* [Problem description]: Of the lines listed below, return exactly those that run from the line containing "KingKerosin Kapuzensweatjacke Fast" through the line containing "Hzuaneri Mobile Sottolavabo", both included.

* [Data excerpts]:
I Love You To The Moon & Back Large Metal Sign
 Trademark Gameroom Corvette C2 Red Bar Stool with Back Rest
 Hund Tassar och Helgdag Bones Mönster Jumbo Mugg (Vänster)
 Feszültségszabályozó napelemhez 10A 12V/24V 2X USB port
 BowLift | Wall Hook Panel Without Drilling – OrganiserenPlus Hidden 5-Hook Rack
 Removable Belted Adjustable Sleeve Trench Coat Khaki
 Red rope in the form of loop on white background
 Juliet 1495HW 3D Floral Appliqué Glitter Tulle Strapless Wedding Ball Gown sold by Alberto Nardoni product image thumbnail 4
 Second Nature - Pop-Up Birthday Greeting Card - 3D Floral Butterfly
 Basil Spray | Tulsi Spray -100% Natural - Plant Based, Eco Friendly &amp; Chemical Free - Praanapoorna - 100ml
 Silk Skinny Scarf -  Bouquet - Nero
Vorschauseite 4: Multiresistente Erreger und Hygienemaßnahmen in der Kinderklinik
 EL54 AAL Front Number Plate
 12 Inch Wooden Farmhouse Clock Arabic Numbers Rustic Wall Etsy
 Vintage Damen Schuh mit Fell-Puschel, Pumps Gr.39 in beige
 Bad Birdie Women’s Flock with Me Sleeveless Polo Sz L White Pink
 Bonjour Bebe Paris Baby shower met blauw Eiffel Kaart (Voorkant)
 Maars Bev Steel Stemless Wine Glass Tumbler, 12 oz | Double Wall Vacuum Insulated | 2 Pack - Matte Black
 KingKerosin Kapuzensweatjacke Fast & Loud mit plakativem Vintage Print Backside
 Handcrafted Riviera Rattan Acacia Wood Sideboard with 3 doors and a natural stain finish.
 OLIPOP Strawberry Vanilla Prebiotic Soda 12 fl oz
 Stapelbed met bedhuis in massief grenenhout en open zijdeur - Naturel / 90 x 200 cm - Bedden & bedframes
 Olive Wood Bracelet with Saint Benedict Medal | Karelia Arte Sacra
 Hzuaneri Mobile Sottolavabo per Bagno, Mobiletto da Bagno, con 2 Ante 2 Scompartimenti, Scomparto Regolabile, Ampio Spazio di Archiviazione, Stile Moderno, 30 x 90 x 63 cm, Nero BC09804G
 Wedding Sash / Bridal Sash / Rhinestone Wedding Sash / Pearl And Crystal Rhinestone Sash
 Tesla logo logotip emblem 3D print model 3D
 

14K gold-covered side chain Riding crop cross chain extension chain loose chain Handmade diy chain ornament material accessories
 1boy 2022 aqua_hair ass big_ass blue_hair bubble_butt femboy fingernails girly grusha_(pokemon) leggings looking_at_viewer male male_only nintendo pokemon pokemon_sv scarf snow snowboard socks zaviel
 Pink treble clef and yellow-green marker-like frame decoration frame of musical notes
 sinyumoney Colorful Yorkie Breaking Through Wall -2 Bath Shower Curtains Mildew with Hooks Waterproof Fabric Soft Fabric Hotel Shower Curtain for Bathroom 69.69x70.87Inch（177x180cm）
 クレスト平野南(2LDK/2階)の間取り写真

* [Answer for this exercise]:
 KingKerosin Kapuzensweatjacke Fast & Loud mit plakativem Vintage Print Backside
 Handcrafted Riviera Rattan Acacia Wood Sideboard with 3 doors and a natural stain finish.
 OLIPOP Strawberry Vanilla Prebiotic Soda 12 fl oz
 Stapelbed met bedhuis in massief grenenhout en open zijdeur - Naturel / 90 x 200 cm - Bedden & bedframes
 Olive Wood Bracelet with Saint Benedict Medal | Karelia Arte Sacra
 Hzuaneri Mobile Sottolavabo per Bagno, Mobiletto da Bagno, con 2 Ante 2 Scompartimenti, Scomparto Regolabile, Ampio Spazio di Archiviazione, Stile Moderno, 30 x 90 x 63 cm, Nero BC09804G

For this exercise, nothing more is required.